Passive investing and active investing are both widely used in the TradersHome Broker market for their specific benefits and disadvantages. Being familiar with such things will definitely help you succeed in investing. Read on!
Passive investing means you’re investing for the long haul. Such kind of investors limits the amount of buying and selling within their TradersHome Review portfolios, making this a very cost-efficient way of investing your money.
The technique requires a buy-and-hold mentality, and that means trying to resist the temptation to react or anticipate the stock market’s next moves.
Perhaps the best example of the passive approach is to buy an index fund that follows one of the major indices like the Dow or the S&P 500.
Whenever these indices switch up their holdings, which is by selling the stock that’s leaving and buying the stock that’s becoming part of the index.
When you own tiny pieces of thousands of stocks, you may earn simply by participating in the upward direction of corporate profits over time via the overall stock market.
Successful passive investors keep their eye on the prize and ignore short-term setbacks and even steep downturns.
As the name suggests, active investing take a more hands-on approach and requires a person to assume the job of a portfolio manager. The goal of active money management is to beat the stock market’s average returns and take full advantage of short-term price fluctuations.
It involves a much deeper analysis and the expertise to know when to turn into or out of a particular stock, bond, or any other asset. A portfolio manager usually oversees a team of analysts who look at qualitative and quantitative factor.
Active investing requires confidence that whoever’s investing the portfolio will know exactly the right time to buy or sell. Successful active investment management pushes you to be right more often than wrong.
Strengths and Weaknesses
The key benefits of passive investing include:
- Ultra-low fees – there’s nobody choosing stocks, so oversight is much cheaper.

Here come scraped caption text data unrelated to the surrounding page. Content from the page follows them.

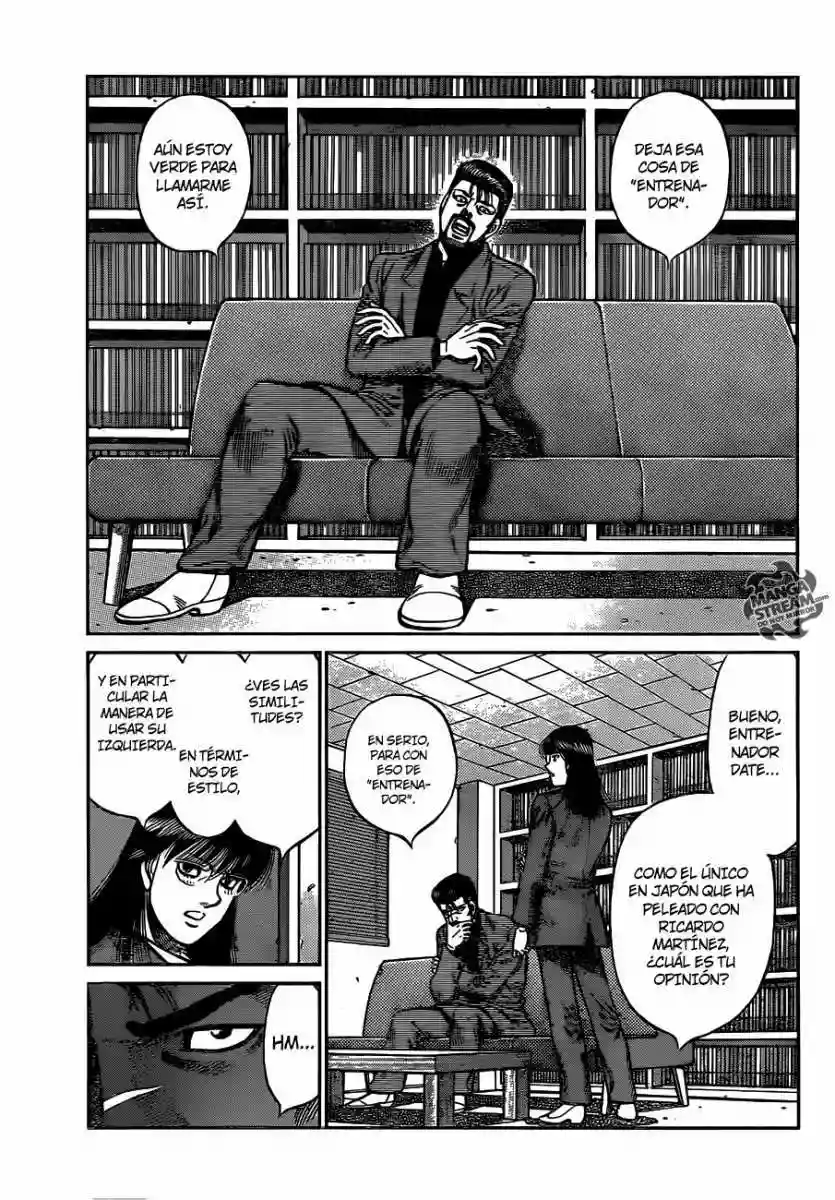 Hajime no Ippo Capítulo 1016 - Página 16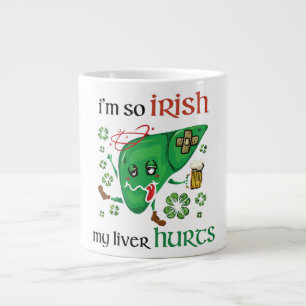 Grande Tasse Donc, mon foie me fait mal en Irlande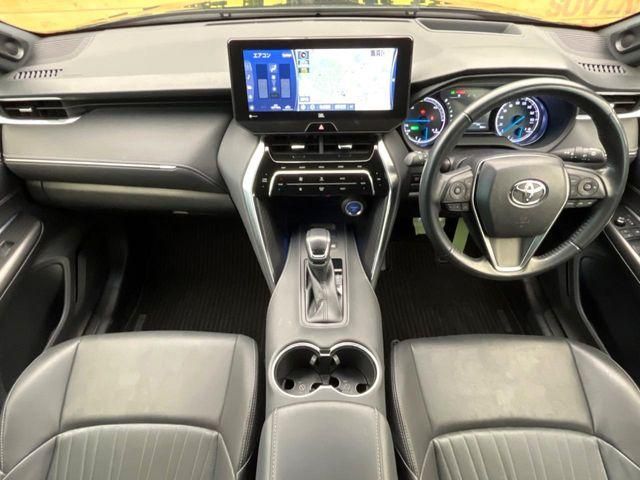 TOYOTA HARRIER HYBRID 2022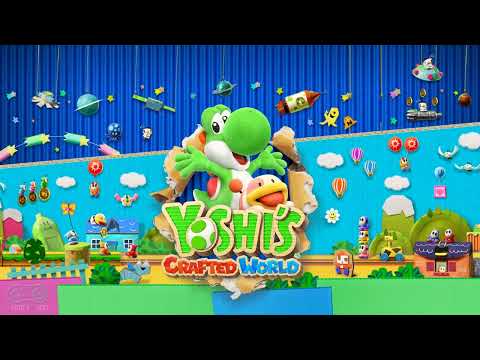 Space - Yoshi's Crafted World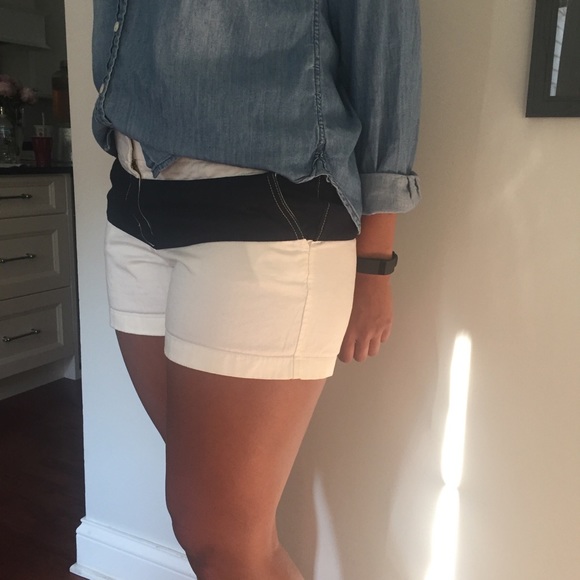 J. Crew color block shorts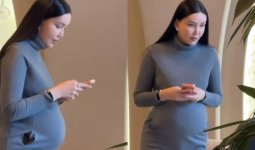 «Сәби күтіп жүр»: Актриса Құралай Анарбекова көпшілік көзіне түсіп қалды (ВИДЕО)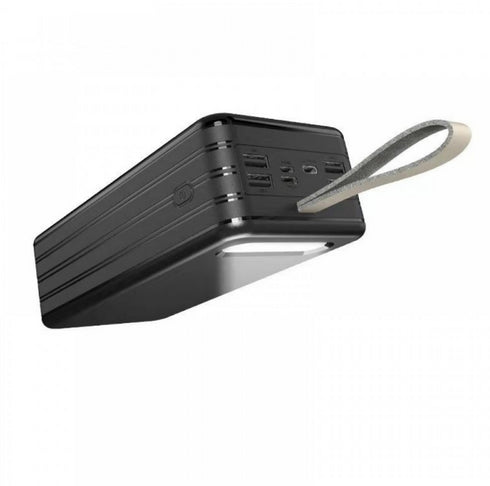 Hoco DB11 - 7 in 1 Super Capacity Power Bank - 50000mAh (Black)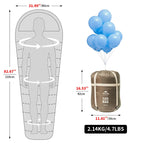 Mummy Sleeping Bag Lightweight Cotton -1℃ to -12℃ for Outdoor Camping, Luxury Comfort, Wholesale Deals, Perfect for Men and Women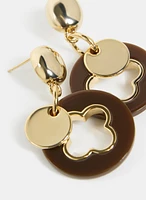 Clover Cut-Out Earrings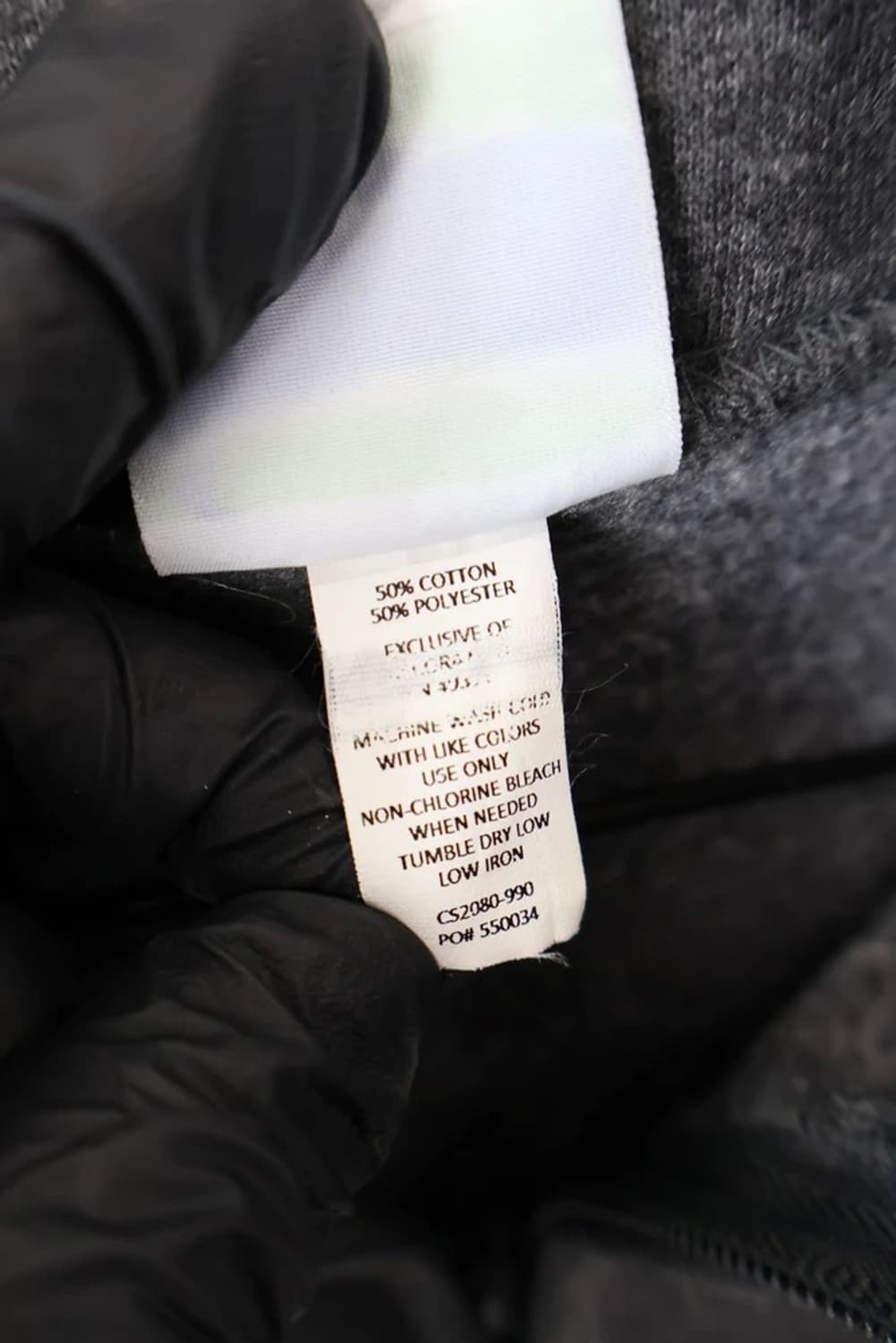 Champion Grey Quarter Zip Sweatshirt 상품이미지6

Passive funds merely follow the index they use as their benchmark.
- Transparency – it’s always obvious and clear which assets are included in the funds.
- Tax efficiency – their buy-and-hold strategy doesn’t usually result in a massive capital gains tax for the year.

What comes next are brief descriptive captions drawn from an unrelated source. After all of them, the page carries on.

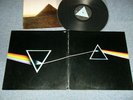 PINK FLOYD Japan 1973 EOP-80778 LP+Booklet THE DARK SIDE OF THE MOON Solid Blue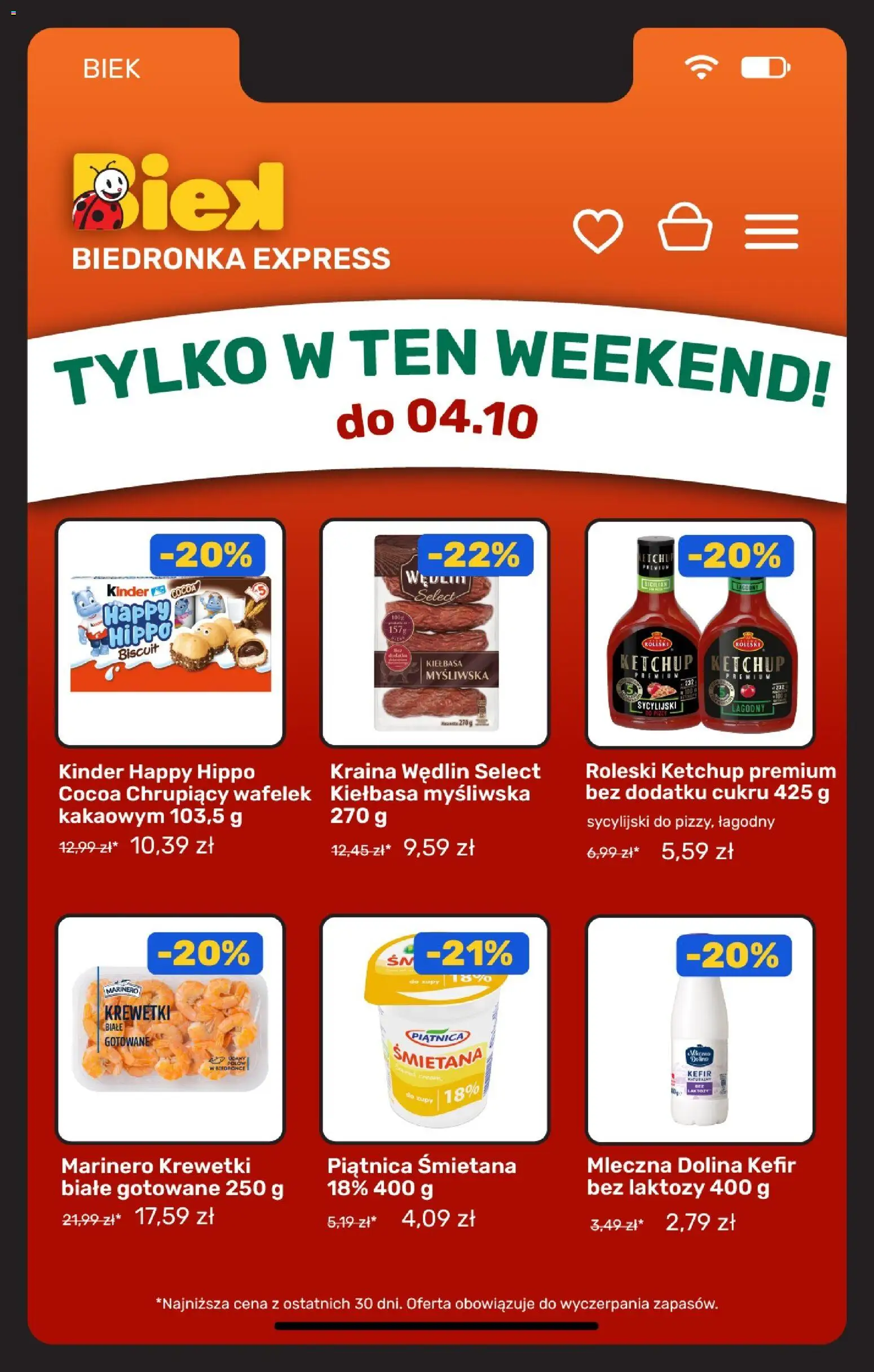 Biedronka gazetka - Biek od 04.10.2026 | Strona: 25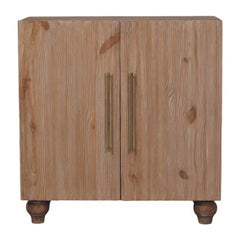 Solid Wood Sandgrain Pine & Mango Sideboard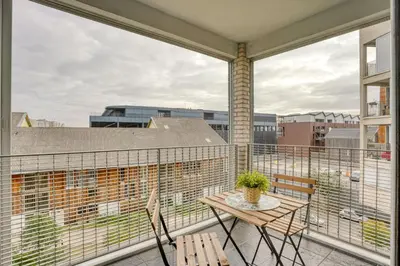 Balcon ou terrasse dans l'établissement Le First by Cocoonr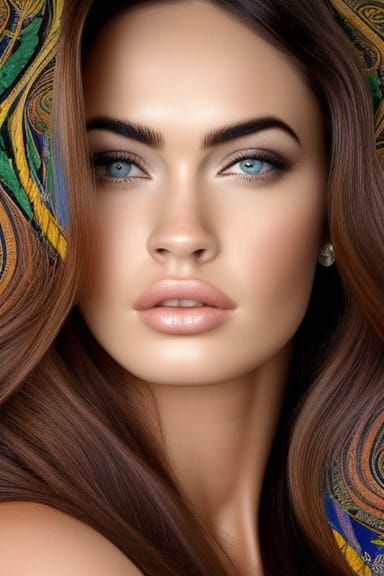 head and shoulders Portrait; beautiful woman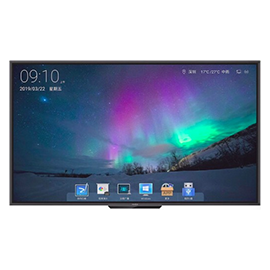 86寸紅外觸摸交互屏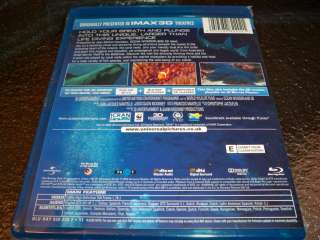 Ocean Wonderland Blu ray 3D + Blu ray  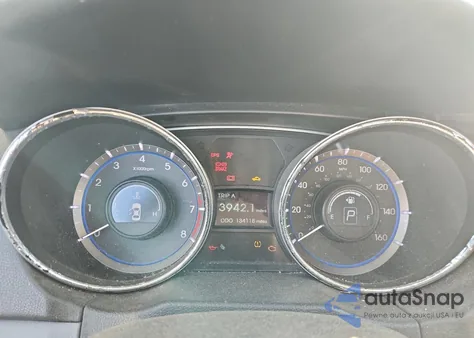 2013 Hyundai Sonata Se z USA, uszkodzony, nr VIN 5NPEC4AC9DH770090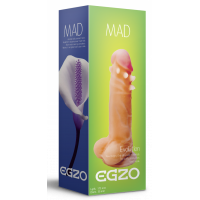 Фалоімітатор з вусиками EGZO Unusual Lover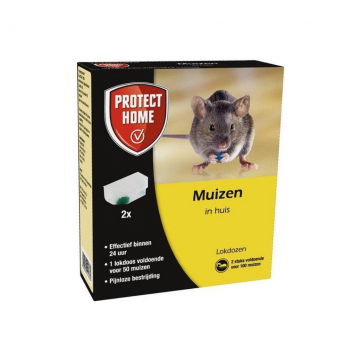 Protect Home Express muizenmiddel 2 stuks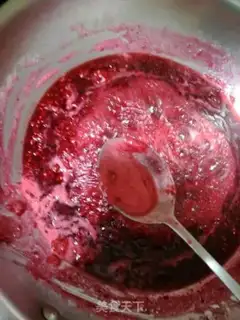 Make Raspberry jam step 3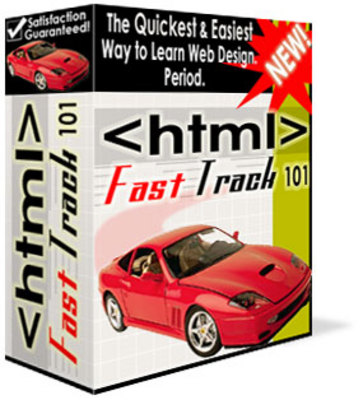 Product picture Html Fast Track With PLR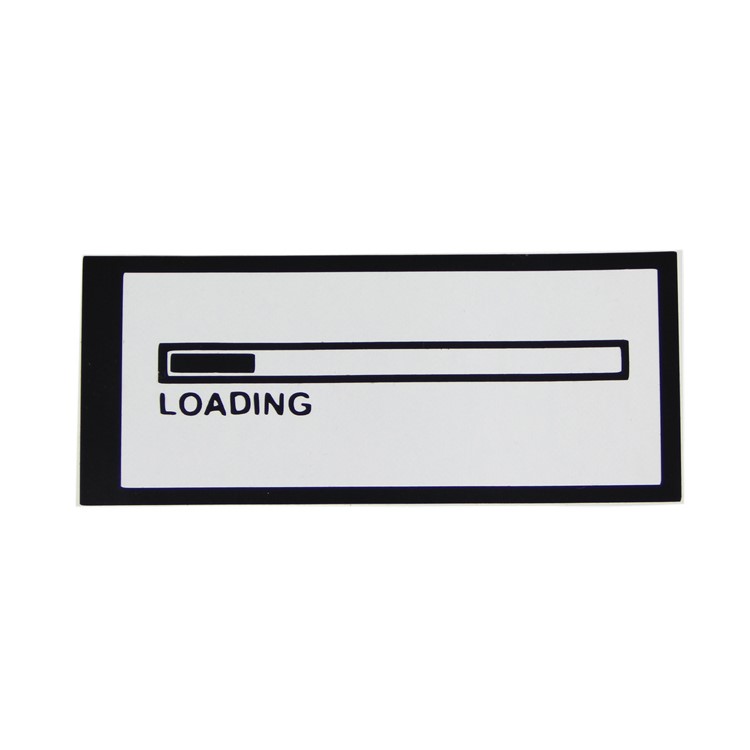 HAT PRINCE Chic PVC Decals Sticker for iPad - Loading-2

Meanwhile, weaknesses would include:
- Limitations – passive funds are limited to a specific index or predetermined set of investments with little to no variance. You are locked into those holdings regardless of what happens in the market.
- Small returns – passive funds will pretty much never beat the market, even during downtimes. It’s hard to imagine passive funds posting the big returns that active managers crave unless the market climbs stellar heights.
Advantages of active investing include:
- Flexibility – active managers aren’t required to follow a specific index. They can buy those “diamond in the rough” stocks that they believe they find.
- Hedging – active managers can also hedge their bets using various strategies such as short sales or put options. They can also exit specific stocks or sectors when the risk becomes too much.
- Tax management – even though this strategy could trigger a capital gains tax, advisors can tailor tax management techniques for individual investors.
Meanwhile, some pitfalls include:
- Very expensive – fees are higher because of all the active buying and selling transactions, which triggers transaction costs.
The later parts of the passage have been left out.